Base64 vs URL Encoding: When to Use Each
Understand the difference between Base64 and URL encoding. Learn when to use each for APIs, data transmission, and security.
Base64 and URL encoding both transform data for safe transmission—but they solve different problems. Here's when to use each.
What is URL Encoding?
URL encoding (percent encoding) converts special characters to %XX format so they're safe in URLs and query strings.
Example: A space becomes %20, & becomes %26.
Use it for:
- Query parameters in URLs
- Form data in
application/x-www-form-urlencoded - APIs that expect URL-safe strings
Try our URL encoder/decoder for quick encoding.
What is Base64 Encoding?
Base64 converts binary data into ASCII text using 64 characters (A–Z, a–z, 0–9, +, /).
Example: Hello becomes SGVsbG8=
Use it for:
- Embedding images in HTML/CSS (data URLs)
- Storing binary data in JSON or XML
- Basic obfuscation (NOT encryption—Base64 is easily decoded)

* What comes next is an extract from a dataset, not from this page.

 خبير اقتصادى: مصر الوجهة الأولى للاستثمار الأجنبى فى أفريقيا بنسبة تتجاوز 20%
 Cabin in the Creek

- Email attachments (MIME)
Try our Base64 encoder/decoder for encoding and decoding.
Key Differences
| Aspect | URL Encoding | Base64 |
|---|---|---|
| Purpose | Make URLs/params safe | Represent binary as text |
| Output size | Similar to input | ~33% larger |
| Reversibility | Yes | Yes |
| Common use | URLs, forms | Data URLs, APIs, storage |
When to Use Each
Use URL encoding when you're building URLs, passing query params, or encoding form data.
Use Base64 when you need to embed binary (images, files) in text-based formats like JSON or include small assets inline.
Both are reversible—decoding gives you the original data. Neither provides security; use proper encryption for sensitive data.